We know of at least two other times Spot did his thing. In October, after a man shot and killed a woman in a Brooklyn parking dispute, the NYPD sent the robot to a basement where the gunman had barricaded himself. And in December, the NYPD also deployed its Digidog at a hostage situation in Queens, using the robot to deliver food to the people inside.
In a 90-day trial in 2019, Massachusetts State Police were the first law enforcement agency to use Spot. The agency tried it in situations where it would be dangerous to send a human, mostly on call from the bomb squad. At that time, the the robot was scared of the tall grass, fell down the stairs and paced when he encountered a slope.
Spot is also used by the BP oil company to perform inspection work in remote locations such as oil rigs in the Gulf of Mexico and read the dashboards; by Ford to perform factory scans for retooling, saving time and money; and by NASA to explore distant places on Earth and possibly for deployment to the Moon. National Grid uses it to inspect substations, and Foster + Partners used the robot to assist with site visits and compare construction work to document specifications.
In cheeky or disturbing use, an arts organization outfitted their Spot with a paintball gun and programmed it to allow users to remotely control it to spray gallery with paint.
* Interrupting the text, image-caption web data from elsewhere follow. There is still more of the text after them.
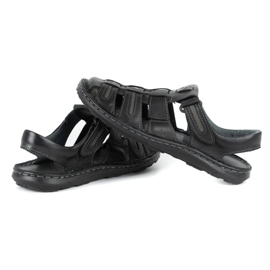 Olivier Sandalias hombre piel verano 230MA negro 4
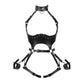 FOTN Women Punk PU Leather Body Waist Belt Bodysuit Bondage Body Harness Belt Sexy Lingerie Leg Garter Hollow Open Chest Bra BDSM (Color : Black, Size : One Size)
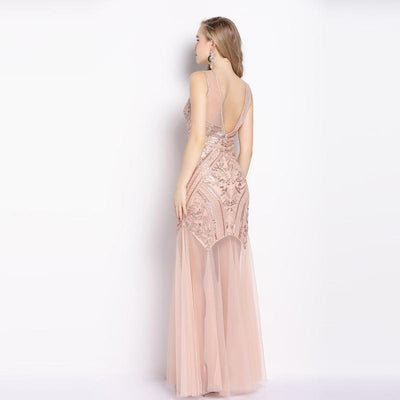 1920s Long Pink Vintage Dress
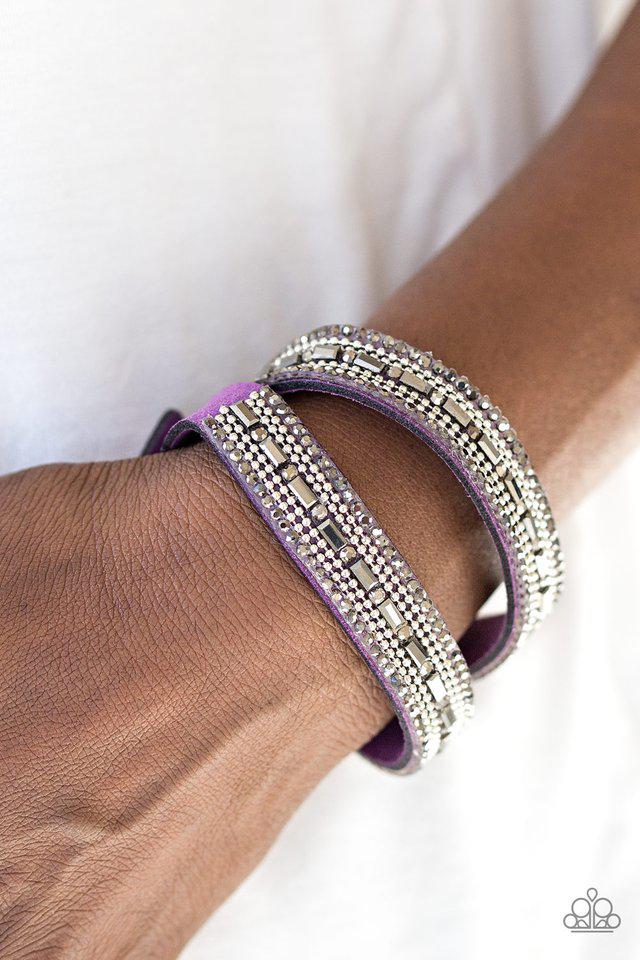Shimmer and Sass Purple Bracelet - Paparazzi Accessories- on model - CarasShop.com - Paparazzi Jewelry by Cara Jewels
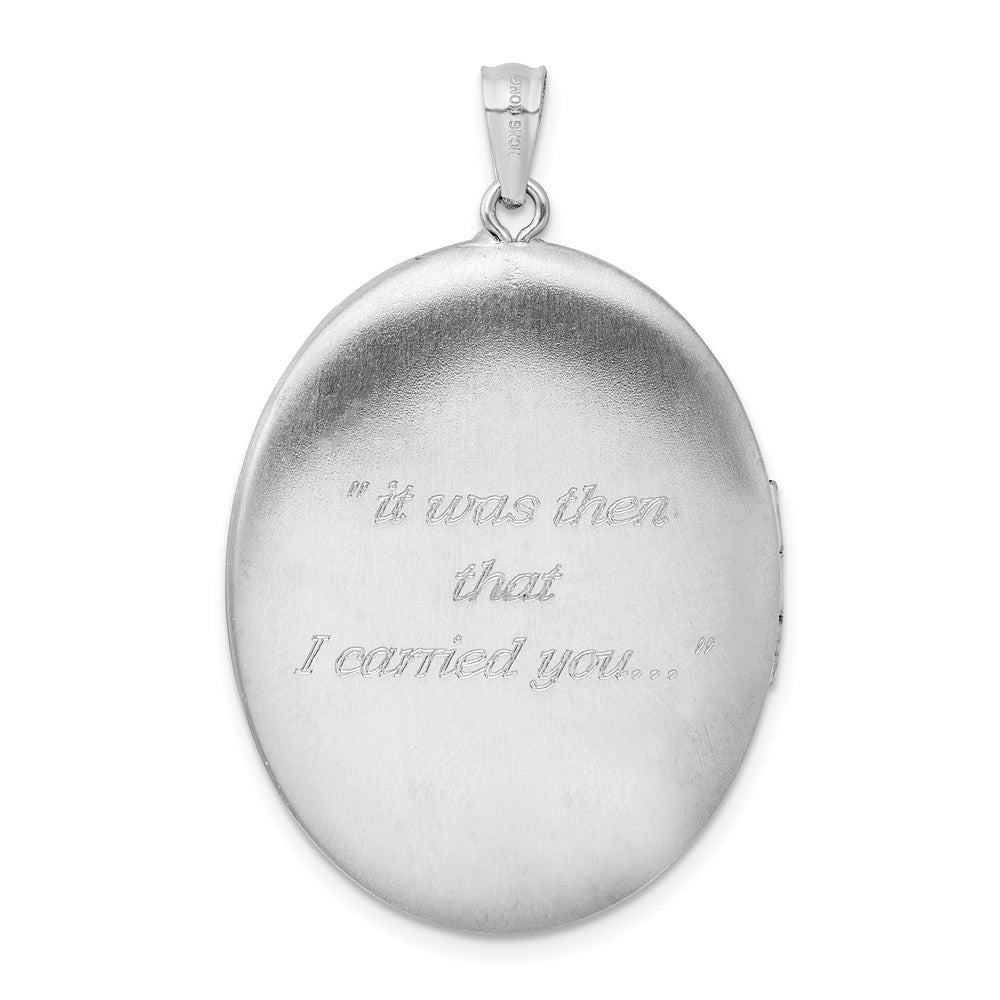 Sterling Silver Rhodium-plated & Diamond Footprints 34mm Oval Locket - Product Photo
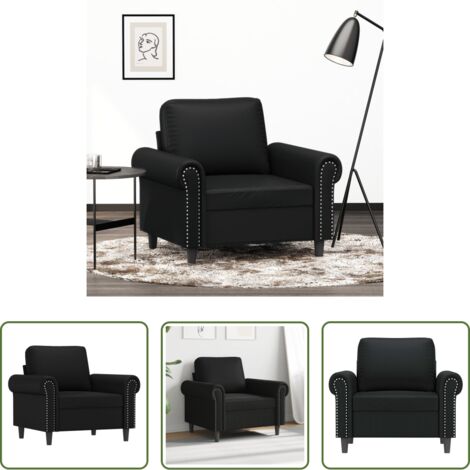 vidaXL Poltrona moderna -  Poltrona Nera 60 cm in Similpelle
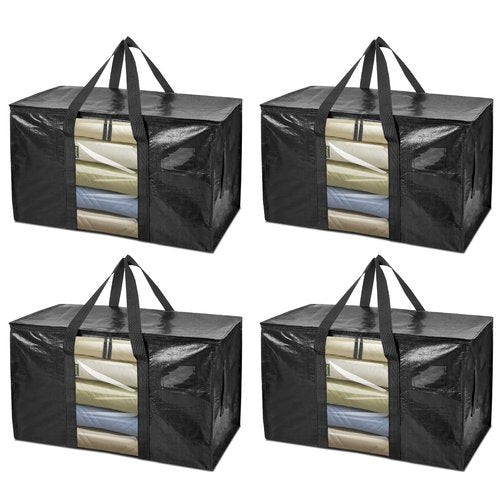 BALEINE 4-Pack Oversized Moving Bags with Reinforced Handles, Heavy-Duty Storage Tote Moving Supplies for Packaging, Camping (Black w/Window, 4-Pack)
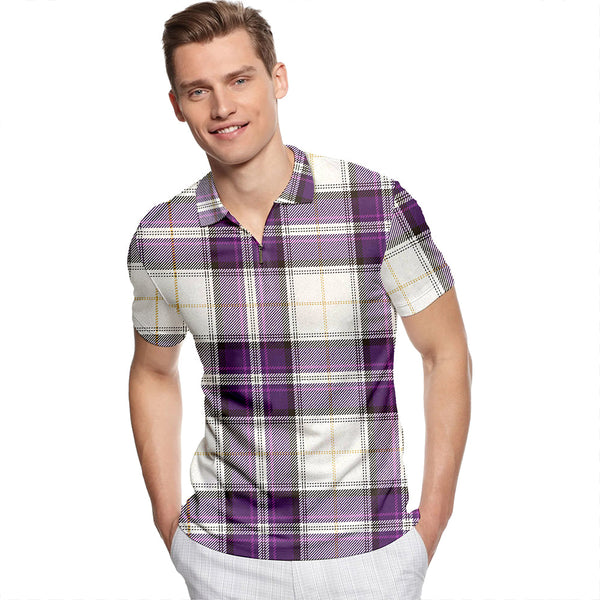 Payne Dress Weathered Tartan Classic Lapel Zip Short Sleeve Polo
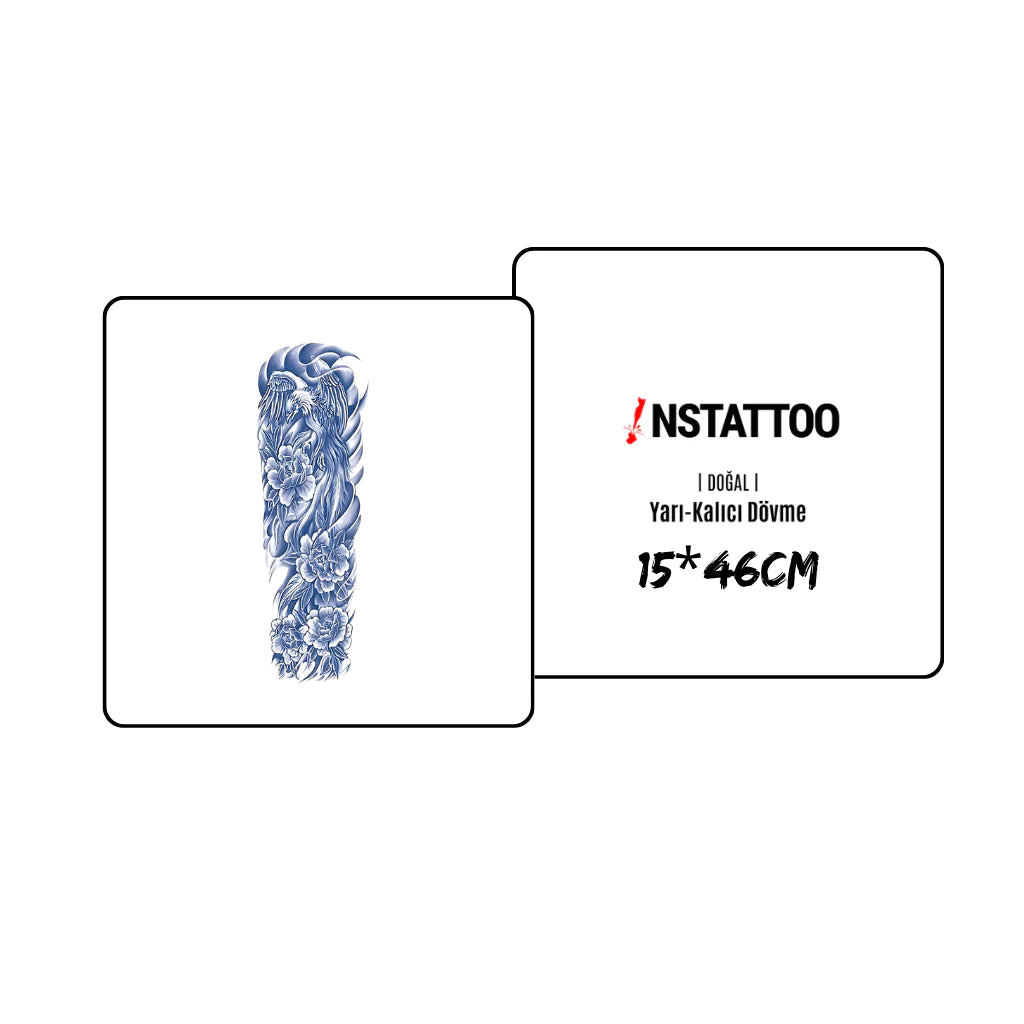 (Full Sleeve) Hawk - Semi-Permanent Tattoo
Boston Dynamics condemned this use on Twitter and stressed that all Spot buyers must abide by the company’s terms and conditions, which prohibit any use that intimidates or harms humans or animals and states that it must not be used as a weapon or configured to contain any armed. If Boston Dynamics finds out that a user is in violation of the terms, this will void the warranty and prevent the robot from being updated, maintained, repaired, or replaced.
We are not sure! But, as the paintball incident illustrates, in the wrong hands (human or robotic), something could go wrong. What if the paintball gun was a real gun? Memes have even circulated with advice on how to “deactivate” Spot manually; Boston Dynamics has not confirmed whether they actually work. Spot may not yet be armed with weapons, but there’s really no way to know what the future may bring.